Scientists used the James Webb Space Telescope to solve a cosmic puzzle about a mysterious object 15 times heavier than Jupiter. The answer reveals how we can finally tell planets and stars apart, even when they're nearly identical in size.

Astronomers just cracked a cosmic identity crisis that's been stumped scientists for years, and the answer changes how we understand where planets come from.

The mystery centered on 29 Cygni b, a massive object floating in space that's 15 times heavier than Jupiter. It sits right on the boundary between planet and star, making it nearly impossible to classify using traditional methods.

Scientists from Johns Hopkins University turned to the James Webb Space Telescope to solve the puzzle. They pointed Webb's powerful Near-Infrared Camera at the object, searching for chemical clues that would reveal its true identity.

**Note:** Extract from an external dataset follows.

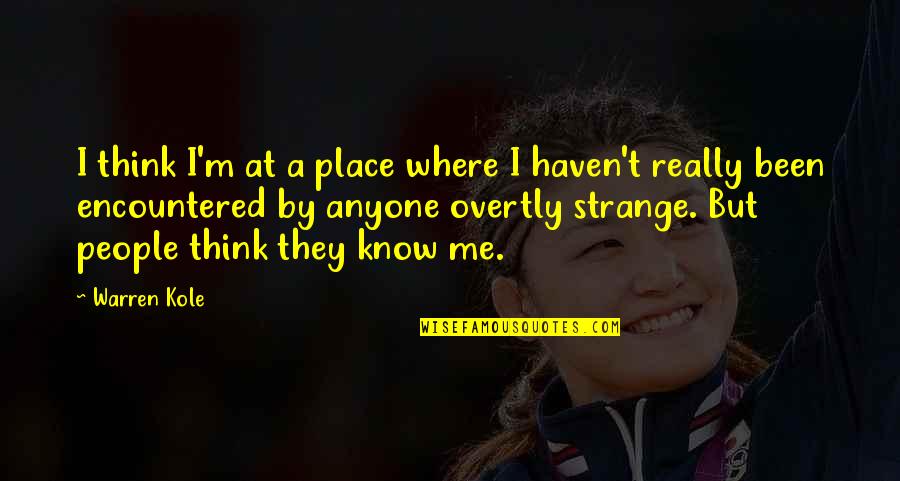 Yangsi Movie Quotes By Warren Kole: I think I'm at a place where I Yangsi Movie Quotes By Warren Kole: I think I'm at a place where I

The investigation focused on a key difference between how planets and stars form. Stars are born when huge clouds of gas and dust break apart into smaller pieces that collapse under their own weight. Planets take the opposite approach, starting small and growing bigger as rocks and ice clump together in the disk surrounding a young star.

Lead researcher William Balmer explained the challenge: "In computer models, it's very easy for fragmentation in a disk to run away to much higher masses than 29 Cygni b. This is the lowest mass you could plausibly get. But at the same time, it's about the highest mass you could get from accretion."

Webb's observations revealed something crucial. The object contains more heavy elements like carbon dioxide and carbon monoxide than its host star, suggesting it gobbled up metal-rich materials from a protoplanetary disk over time.

Webb Telescope Solves Mystery: Is 29 Cygni b Planet or Star?

The team used ground-based telescopes to check one more detail: how the object's orbit lines up with its star's spin. The results matched perfectly with what we see in our own solar system, where planets orbit in sync with the sun's rotation.

Why This Inspires

This discovery represents more than just solving one cosmic riddle. The Webb telescope is giving us tools to answer questions that seemed impossible just a few years ago.

The team identified three more mysterious objects to investigate, each weighing between one and 15 times Jupiter's mass. Each new answer will help scientists understand the invisible line between planet formation and star birth.

The research shows how far our technology has advanced. We can now peer across billions of miles of space and determine not just what something is, but exactly how it came to exist.

29 Cygni b orbits its star at roughly the same distance as Uranus orbits our sun, about 1.5 billion miles away. Webb could spot chemical signatures from that incredible distance and piece together the object's entire life story.

The verdict? It's definitely a planet. The evidence shows 29 Cygni b formed through rapid accretion of metal-rich material in a protoplanetary disk, following the same bottom-up process that created Earth, Jupiter, and every other planet in our solar system.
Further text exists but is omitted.